Captioned web images
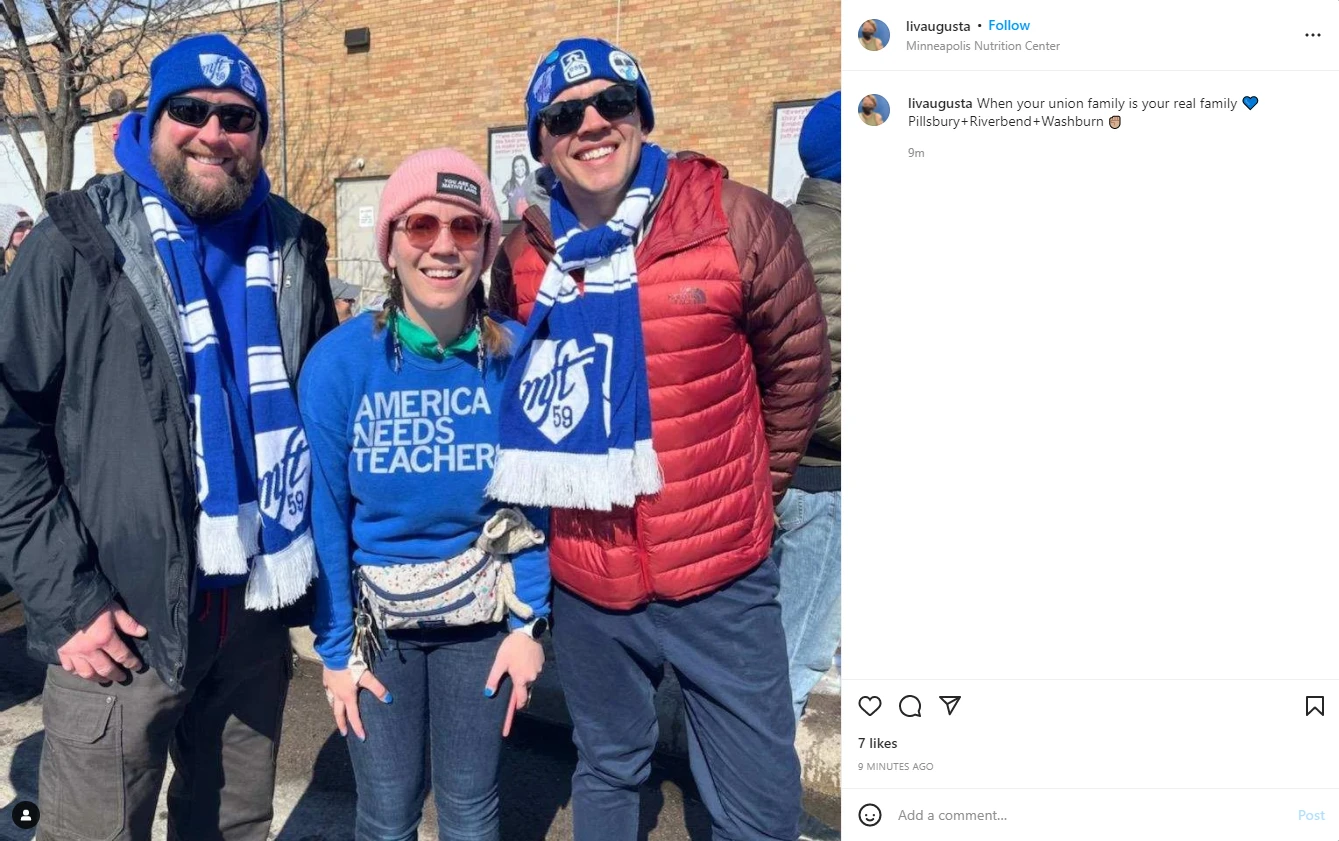 America Needs Teachers Crew Sweatshirt 7 America Needs Teachers Crew Sweatshirt - Image 5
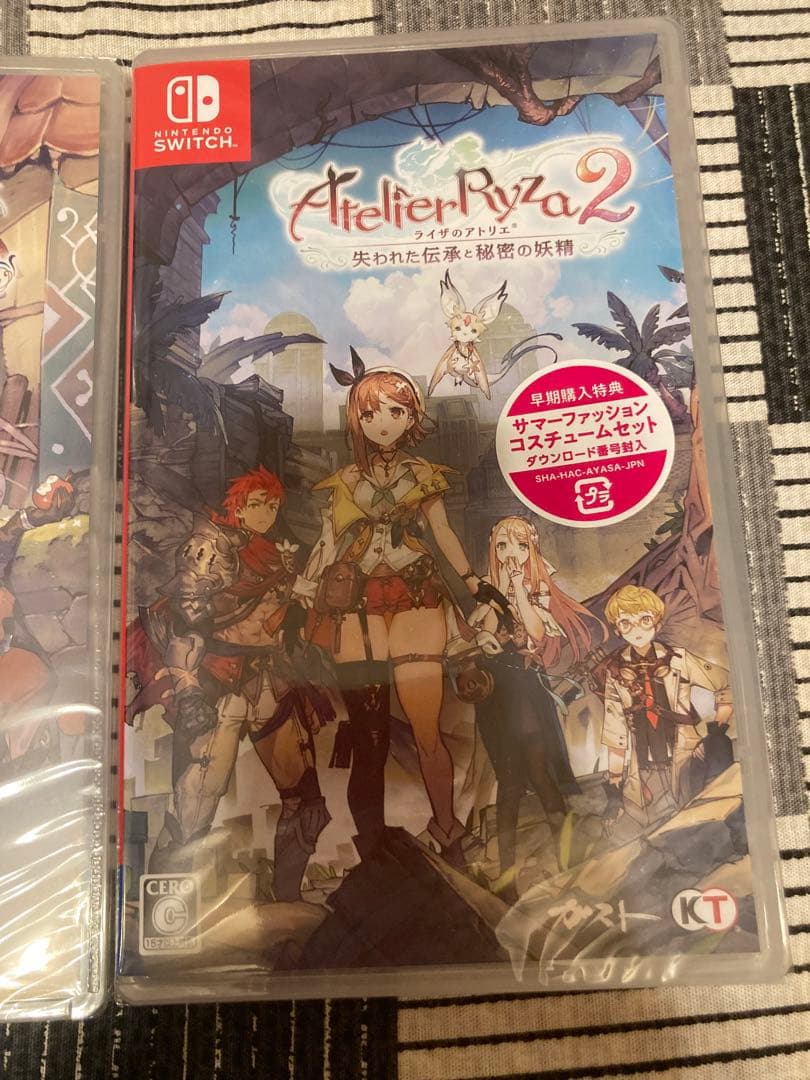 新品　ライザのアトリエ 1 ライザのアトリエ2 Switch版　セット　まとめ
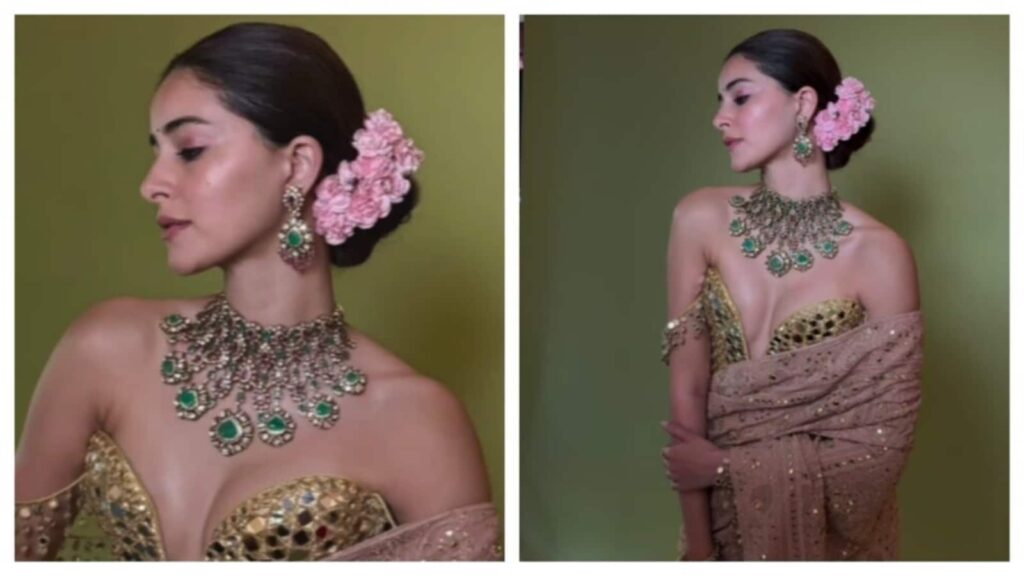 Ananya Panday says goodbye to sequins, welcomes mirrorwork for ‘demure’ baraati look | Fashion Trends
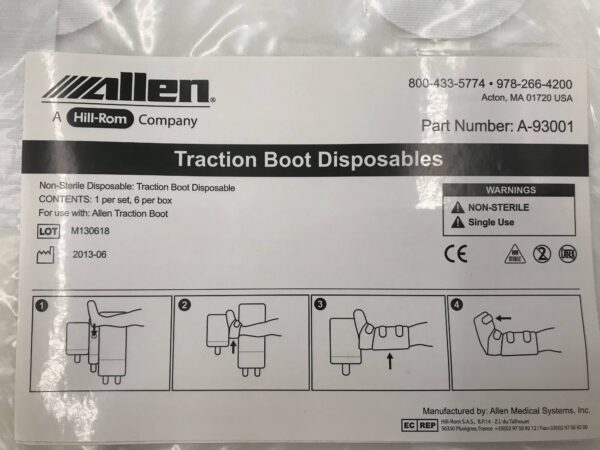 Allen Medical Systems A-93001 Traction Boot Disposables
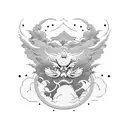 japanese clouds tattoo design idea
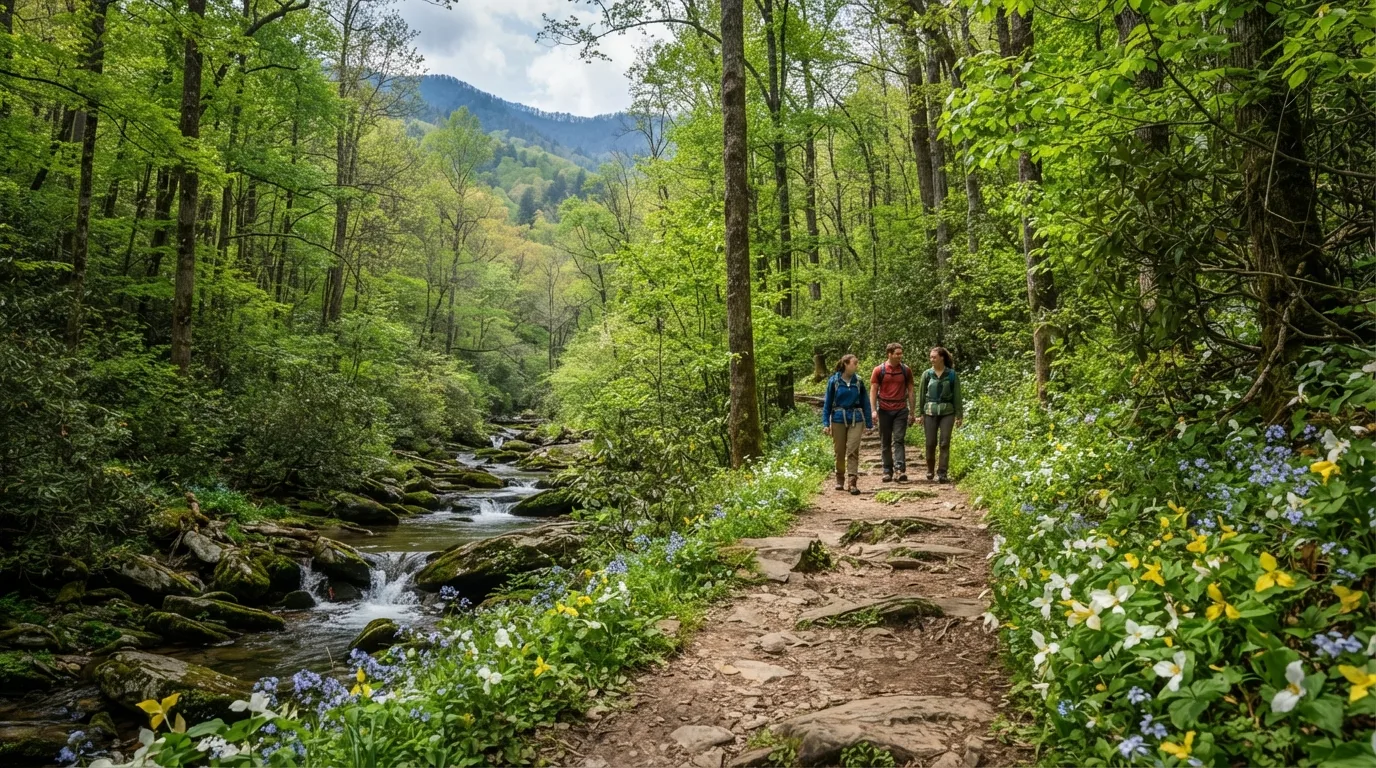 Porters Creek Trail hiking trail image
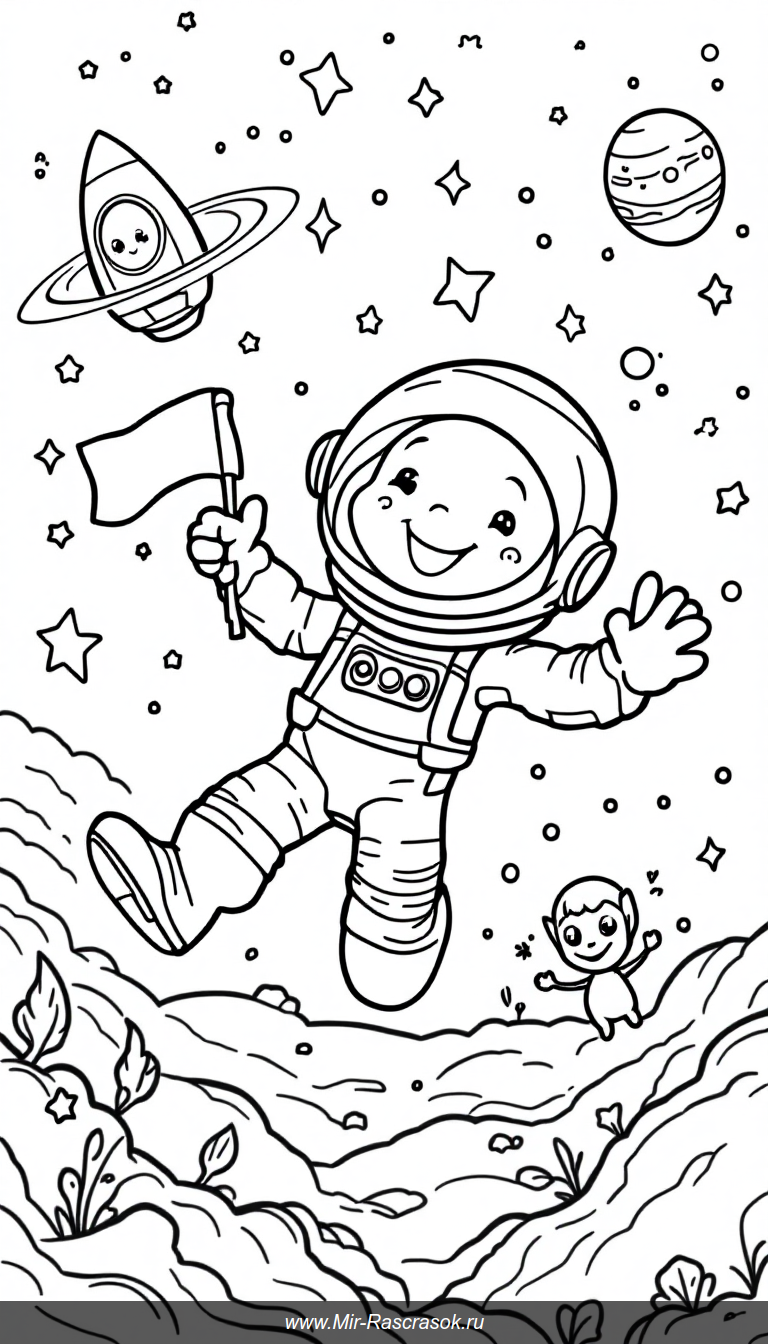 Приключения астронавта в космосе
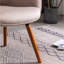 Chaise en velours brun chocolat foncé à dossier boutonné, chaise contemporaine stable, pieds en bois massif, rembourrage luxueux-537734891
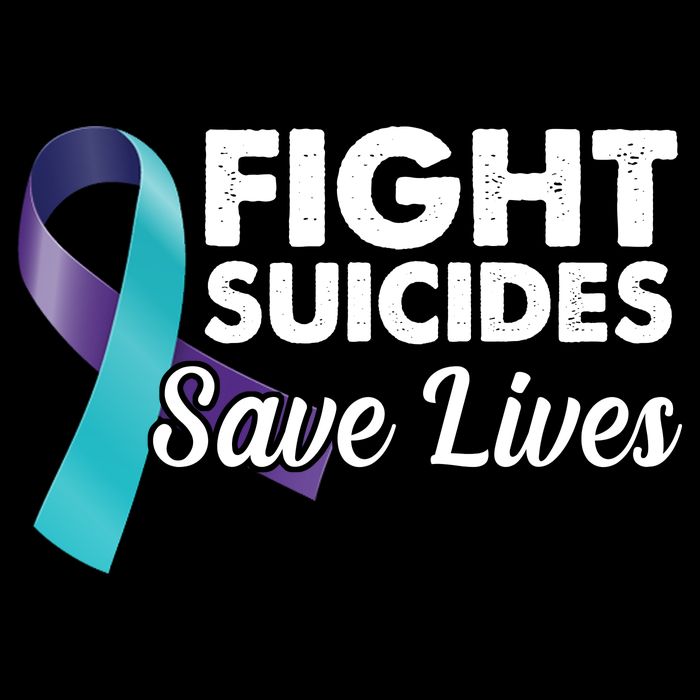 Fight Suicides Save Lives Ribbon Awareness Drawstring Bag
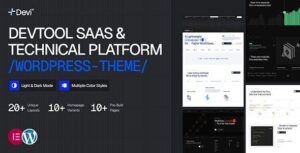 Devi – Developer Tools, SaaS & Technical Platform WordPress Theme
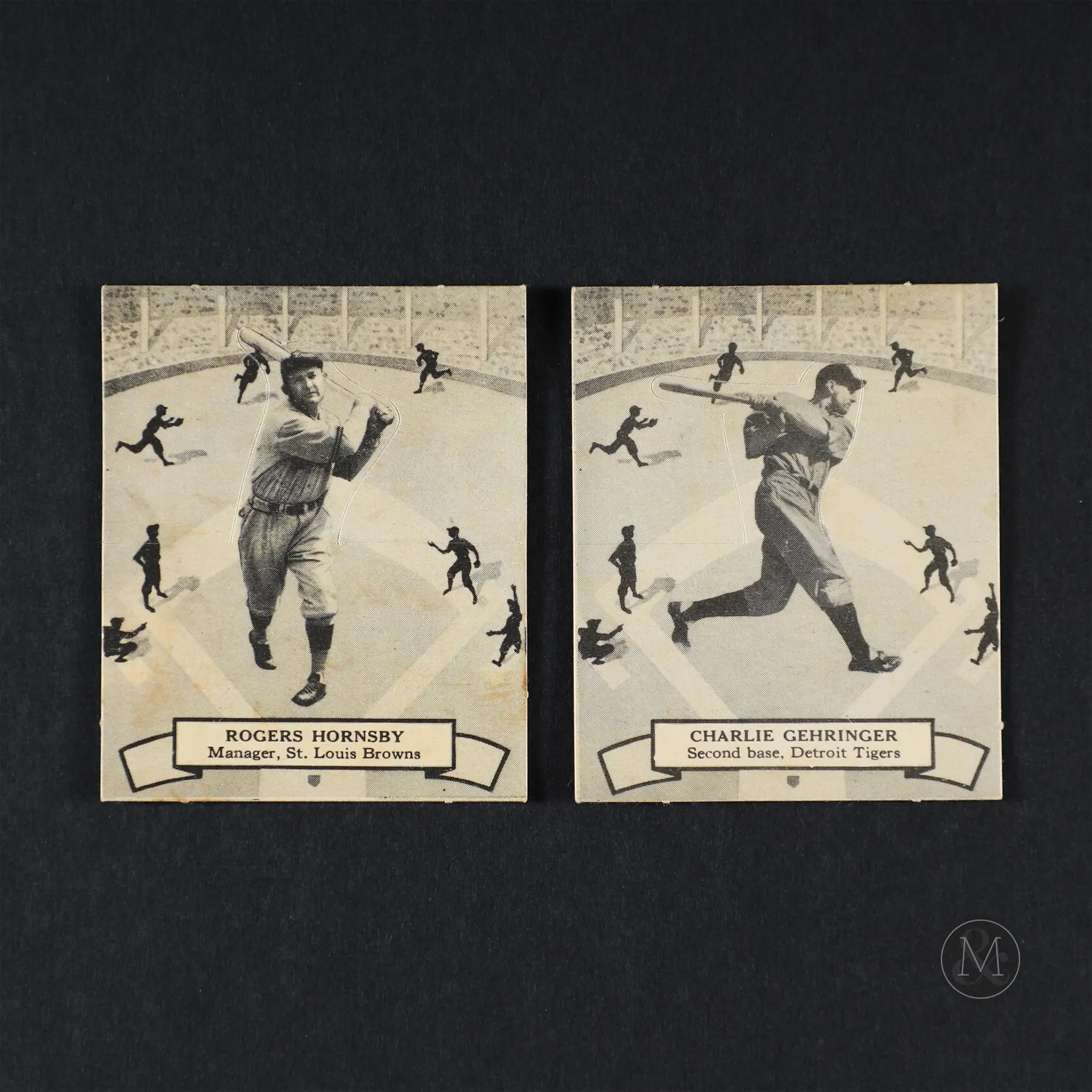 1937 O-Pee-Chee #112 Gehringer & #140 Hornsby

_WHAT IS BEING ASKED_
Please return the records as they stand, word for word, with no pictures.

_EXERCISE RESPONSE_
 America Needs Teachers Crew Sweatshirt 7 America Needs Teachers Crew Sweatshirt - Image 5
 新品　ライザのアトリエ 1 ライザのアトリエ2 Switch版　セット　まとめ
 Ananya Panday says goodbye to sequins, welcomes mirrorwork for ‘demure’ baraati look | Fashion Trends
 Allen Medical Systems A-93001 Traction Boot Disposables
 japanese clouds tattoo design idea
 Porters Creek Trail hiking trail image
 Приключения астронавта в космосе
 Chaise en velours brun chocolat foncé à dossier boutonné, chaise contemporaine stable, pieds en bois massif, rembourrage luxueux-537734891
 Fight Suicides Save Lives Ribbon Awareness Drawstring Bag
 Devi – Developer Tools, SaaS & Technical Platform WordPress Theme
 1937 O-Pee-Chee #112 Gehringer & #140 Hornsby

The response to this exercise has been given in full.